Bushfire by Sally Murphy
My Australian Story. Scholastic, 2019. ISBN: 9781742994307.
(Age: 10+) Recommended. Themes: Bushfires, Black Saturday, Victoria,
Dandenong Ranges, Emergency Services, Climate change, Disasters. Mid
to upper primary readers will absorb this story about the Black
Saturday bushfires in Victoria in 2009, told within a loving family
unit, the details of their lives making a strong backdrop to the
action. And what action! These bushfires, the worst in Australia's
history, took 173 lives, burnt out whole towns, ravaged huge swathes
of the Dandenong Ranges surrounding Melbourne, threatening the city
itself, and made people rethink strategies when dealing with fire on
this scale.
Shortly after Christmas in 2009, Amy waves farewell to her climate
science mother, going off to a conference in Brussels and is taken
back to her grandmother's house at Marysville in the Dandenong
Ranges, north of Melbourne. She and her dad talk about the trees and
the undergrowth, the recent rain and the greening of the bush, the
eucalypts that can be used as compost, while making Gran's home more
bushfire ready.
Amy loves reading of disasters around the world and the story is
placed firmly in its time with the plane landing on the Hudson River
in New York while references are made to disasters which happened
years before at Christmas: Cyclone Tracey and the Canberra
bushfires. Readers will enjoy reading about these and doing some
research for more information. Letters between Amy and her brother,
Aaron, now in Paris, give a different perspective to Amy's life with
Grandma.
But the air becomes more oppressive, warnings are given, some people
move to the city for safety, others clear their yards, fill cleared
out gutters with water, put their fire plans into action.
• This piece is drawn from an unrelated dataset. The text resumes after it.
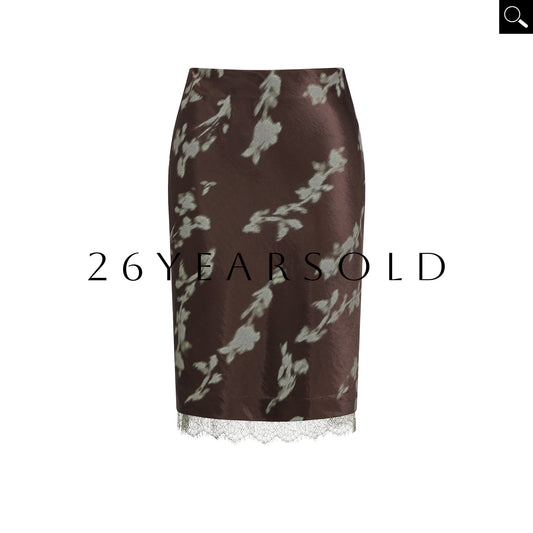 26YEARSOLD Dusty Moss Sparse Elegant Satin Floral Midi Skirt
Finding their way to the local oval, they spend agonising days
trying to contact friends and relatives, and Sally Murphy is able to
make the readers feel that they are part of the action, fretful,
worrying and afraid.
This book joins a group of novels and picture books recently
published which enable readers to empathise with those caught in
such events and work out and understand how they could survive, all
the while presenting the amazing work done by mainly volunteer
emergency services, ambulance officers, fire fighters and police.